2006-10-04 16:56:56

by Andreas Dilger

[permalink] [raw]
Subject: Directories > 2GB

For ext4 we are exploring the possibility of directories being larger
than 2GB in size. For ext3/ext4 the 2GB limit is about 50M files, and
the 2-level htree limit is about 25M files (this is a kernel code and not
disk format limit).

Amusingly (or not) some users of very large filesystems hit this limit
with their HPC batch jobs because they have 10,000 or 128,000 processes
creating files in a directory on an hourly basis (job restart files,
data dumps for visualization, etc) and it is not always easy to change
the apps.

My question (esp. for XFS folks) is if anyone has looked at this problem
before, and what kind of problems they might have hit in userspace and in
the kernel due to "large" directory sizes (i.e. > 2GB). It appears at
first glance that 64-bit systems will do OK because off_t is a long
(for telldir output), but that 32-bit systems would need to use O_LARGEFILE
when opening the file in order to be able to read the full directory
contents. It might also be possible to return -EFBIG only in the case
that telldir is used beyond 2GB (the LFS spec doesn't really talk about
large directories at all).

Cheers, Andreas
--
Andreas Dilger
Principal Software Engineer
Cluster File Systems, Inc.



2006-10-04 17:51:20

by Dave Kleikamp

[permalink] [raw]
Subject: Re: Directories > 2GB

On Wed, 2006-10-04 at 10:56 -0600, Andreas Dilger wrote:
> For ext4 we are exploring the possibility of directories being larger
> than 2GB in size. For ext3/ext4 the 2GB limit is about 50M files, and
> the 2-level htree limit is about 25M files (this is a kernel code and not
> disk format limit).
>
> Amusingly (or not) some users of very large filesystems hit this limit
> with their HPC batch jobs because they have 10,000 or 128,000 processes
> creating files in a directory on an hourly basis (job restart files,
> data dumps for visualization, etc) and it is not always easy to change
> the apps.
>
> My question (esp. for XFS folks) is if anyone has looked at this problem
> before, and what kind of problems they might have hit in userspace and in
> the kernel due to "large" directory sizes (i.e. > 2GB). It appears at
> first glance that 64-bit systems will do OK because off_t is a long
> (for telldir output), but that 32-bit systems would need to use O_LARGEFILE
> when opening the file in order to be able to read the full directory
> contents. It might also be possible to return -EFBIG only in the case
> that telldir is used beyond 2GB (the LFS spec doesn't really talk about
> large directories at all).

ext3 directory entries are always multiples of 4 bytes in length. So
the lowest 2 bits of the offset are always zero. Right? Why not shift
the returned offset and f_pos 2 bits right?

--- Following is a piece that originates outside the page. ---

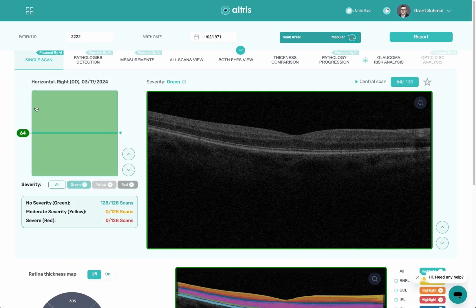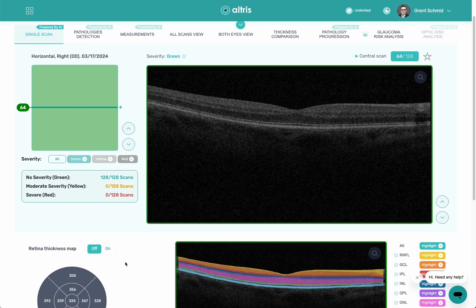The first thing you'll see here is our traffic light system — green, yellow, red. It's going to show you of the scans how many are green, how many are moderate, and how many are severe. This is an example of a patient that doesn't have anything, so it's easy to quickly see there's nothing going on with this patient and I can move on.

JFS uses an index into an array for the position (which isn't even in
the directory traversal order) so it can handle about 2G files in a
directory (although deleted entries aren't reused).
--
David Kleikamp
IBM Linux Technology Center

2006-10-09 21:53:27

by Steve Lord

[permalink] [raw]
Subject: Re: Directories > 2GB

Andreas Dilger wrote:
> For ext4 we are exploring the possibility of directories being larger
> than 2GB in size. For ext3/ext4 the 2GB limit is about 50M files, and
> the 2-level htree limit is about 25M files (this is a kernel code and not
> disk format limit).
>
> Amusingly (or not) some users of very large filesystems hit this limit
> with their HPC batch jobs because they have 10,000 or 128,000 processes
> creating files in a directory on an hourly basis (job restart files,
> data dumps for visualization, etc) and it is not always easy to change
> the apps.
>
> My question (esp. for XFS folks) is if anyone has looked at this problem
> before, and what kind of problems they might have hit in userspace and in
> the kernel due to "large" directory sizes (i.e. > 2GB). It appears at
> first glance that 64-bit systems will do OK because off_t is a long
> (for telldir output), but that 32-bit systems would need to use O_LARGEFILE
> when opening the file in order to be able to read the full directory
> contents. It might also be possible to return -EFBIG only in the case
> that telldir is used beyond 2GB (the LFS spec doesn't really talk about
> large directories at all).
>

My first thought is to run screaming for the hills when user's want this.
In a previous life we had a customer in the US Gov who decided to
put all their 700 million files in one directory. Then they had a
double disk unreported raid failure (raid vendors fault). The
filesystem repair ran for 7 days and a heck of a lot of files
ended up in lost+found. Fortunately they had the huge amount of
memory and process address space available to run repair.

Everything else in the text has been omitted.